- [DATA RECORDS]:
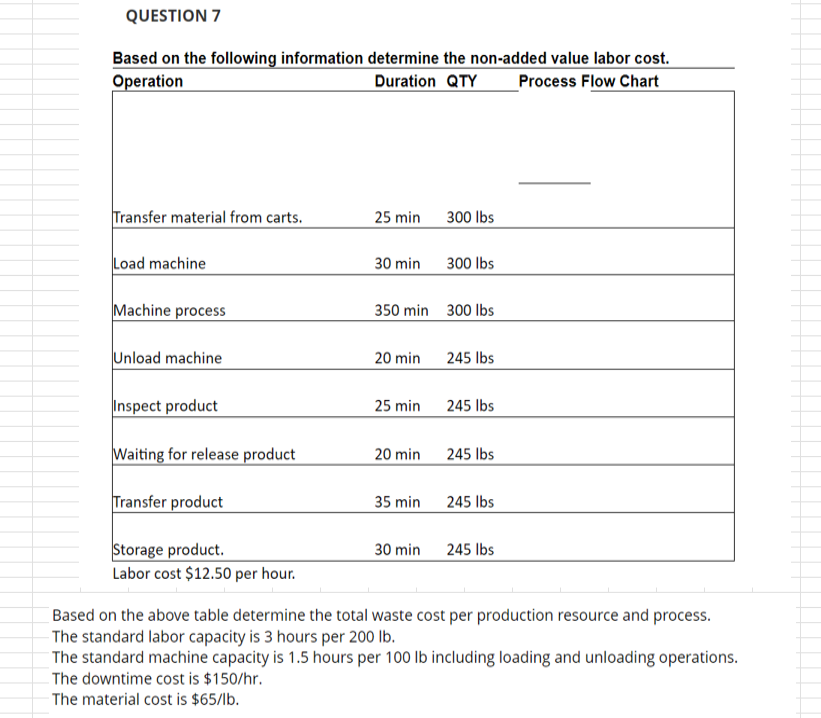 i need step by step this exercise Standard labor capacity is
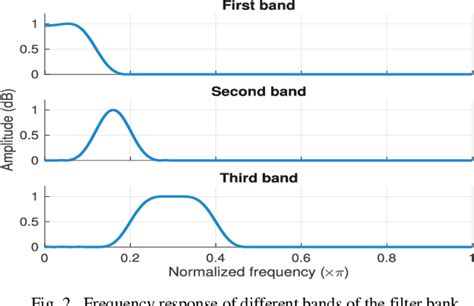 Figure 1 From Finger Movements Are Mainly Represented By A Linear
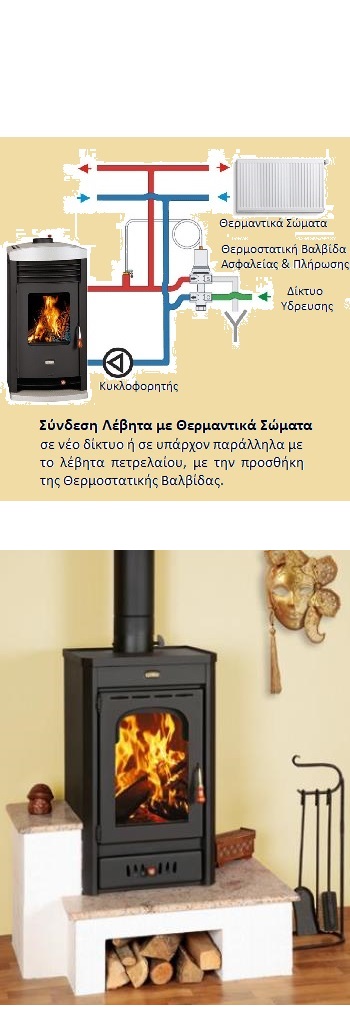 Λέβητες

* * *

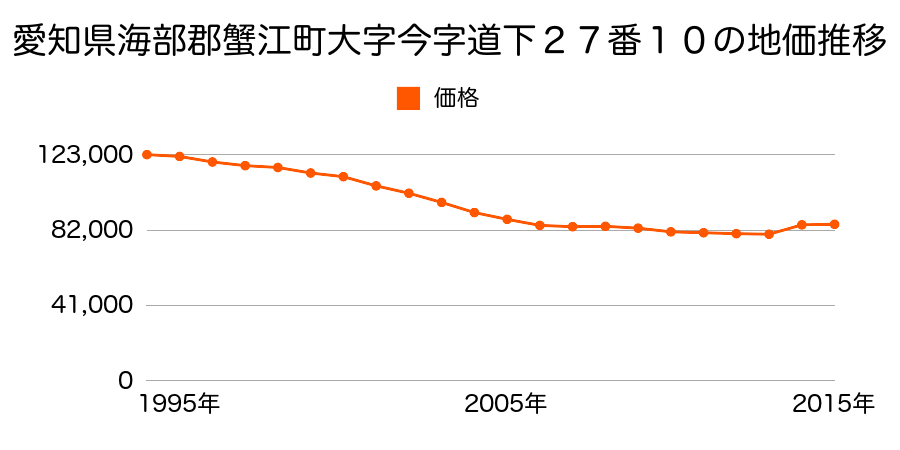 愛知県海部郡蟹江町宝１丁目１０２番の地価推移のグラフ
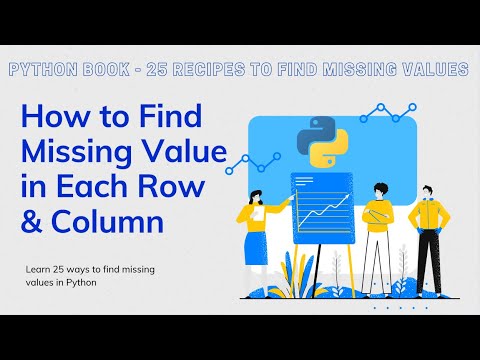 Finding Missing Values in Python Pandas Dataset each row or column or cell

- [YOUR ASSIGNMENT]: When you reach the line with "愛知県海部郡蟹江町宝１丁目１０２番の地価推移のグラフ" in the records above, start writing out each line exactly, and stop after the line with "Finding Missing Values". Pictures stay out.

- [RESPONSE FOR THIS EXERCISE]:
 愛知県海部郡蟹江町宝１丁目１０２番の地価推移のグラフ
 Finding Missing Values in Python Pandas Dataset each row or column or cell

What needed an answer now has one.